Claudio Scajola è intervenuto in diretta nazionale su La7, come ospite e occhio interno del terremoto politico che si è scatenato ieri in Liguria. Nonostante, sorprendentemente, l’apertura della trasmissione sia stata dedicata al tema calcistico: “Tifo Roma, è una passione antica” il clima nello studio de ‘L’aria che tira’ era piuttosto leggero, ad inizio puntata, rotto da una battuta inopportuna di David Parenzo “A sua insaputa?” La frase rimane attuale ma, nello specifico, fuori contesto.
Entra in campo il tema centrale: la questione Toti ed il terremoto in Regione Liguria. Nello schermo, al primo cittadino imperiese si affianca l’ex magistrato Piercamillo Davigo che spiega come mai l’indagine fosse già chiusa ai primi di dicembre ma le ordinanze siano scattate soltanto a inizio maggio. Qualcuno legge una mossa politica, in vista delle elezioni europee ma Davigo replica: “Un magistrato non ha una sola indagine da seguire, magari ne ha centinaia. Il faldone poi è da 654 pagine, da compilare tutte e senza errori. Vogliamo ancora dire che ci voleva meno tempo?”

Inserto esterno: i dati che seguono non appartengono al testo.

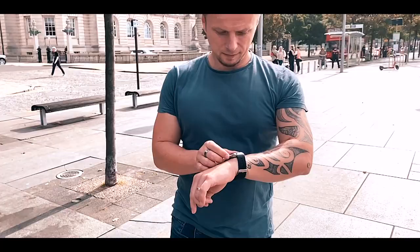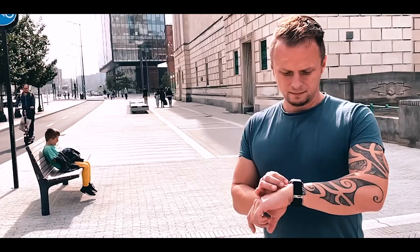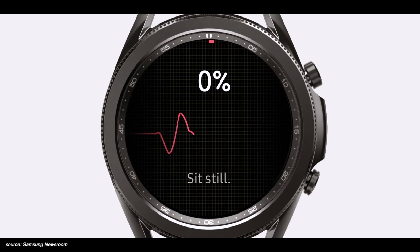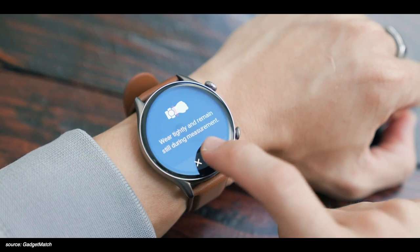In recent days, wearables are quickly morphing from smartwatches and fitness trackers to almost medical devices, able to alert us if they detect a symptom of a serious medical condition. For example, the Samsung Galaxy Watch has a blood pressure app, and the Amazfit GTR3 has a Pump Beep engine, but they're essentially using an algorithm on the same optical PPG sensor that's typically used to measure heart rate. To be honest, that's not an actual blood pressure — this is only an estimation.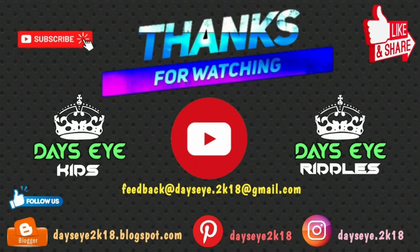Thank you for watching this video. If you like this video, please like, share, and subscribe to my channel. Thank you.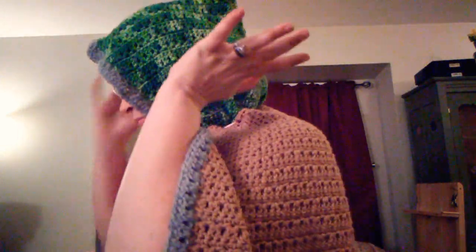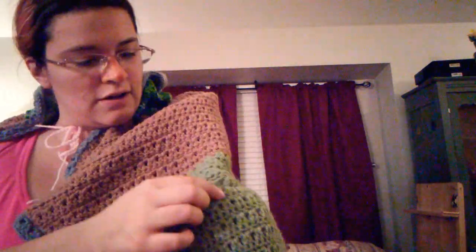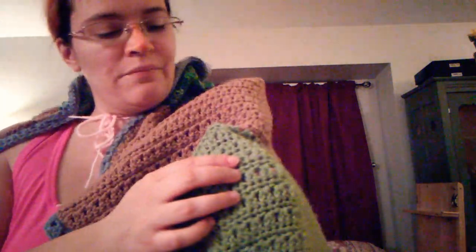The hood is done in the Red Heart Super Saver green tones that I showed you guys in my last video. And this brown was gifted to me — it didn't have the ball band on it, so I don't know what brand or color or anything like that, but it's a nice brown. And here is the green. I was somewhere around here the last time I showed it to you guys, and this green is Red Heart with Love, color Lattice. I had two colors of that.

Su questi punti viene interpellato Claudio Scajola che, all’indomani dell’apertura del Totigate, prova a difendere l’ex governatore: “In Liguria non c’era aria di una inchiesta pesante e quando ieri è nata questa notizia, ho provato tristezza e perplessità. Tristezza perché conosco Toti e ho avuto molti rapporti con lui, soprattutto nell’ultimo periodo, pur non appartenendo e non condividendo delle sue posizioni politiche del passato. E poi perché quando avviene qualcosa di molto forte come un arresto, è un colpo soprattutto per chi crede nelle istituzioni. E nel contempo perplessità perché è vero che i magistrati hanno molto da fare ma non va confusa l’inchiesta su un pollaio con quella riguardante il Presidente di una Regione. E sicuramente vanno fatte delle valutazioni che lasciano perplessità: sia perché sono fatti risalenti al 2020, sia perché nata nell’imminenza delle elezioni regionali – e prosegue -. Ma al di là di questo, la tristezza e perplessità è sul tema: siamo tutti a diventare colpevolisti e scandalizzati per i titoli che leggiamo. Però bisognerebbe approfondire meglio a questi temi, perché non credo che si conceda, per trent’anni, di un terminal del porto più importante d’Europa per un compenso da 70.000 €uro. Che poi non è un compenso che va nell’arricchimento del Presidente della Regione o altro ma entra nel pasticcio nel quale, non esistendo più il finanziamento pubblico, si confonde un contributo che dà una fondazione per fare politica. È un argomento che non credo si possa affrontare leggendo solo titoli dei giornali perché non si fa altro che gettare discredito sulle istituzioni. Tutte quante. Perché ora sembra quasi che dobbiamo screditare i magistrati oppure i politici.”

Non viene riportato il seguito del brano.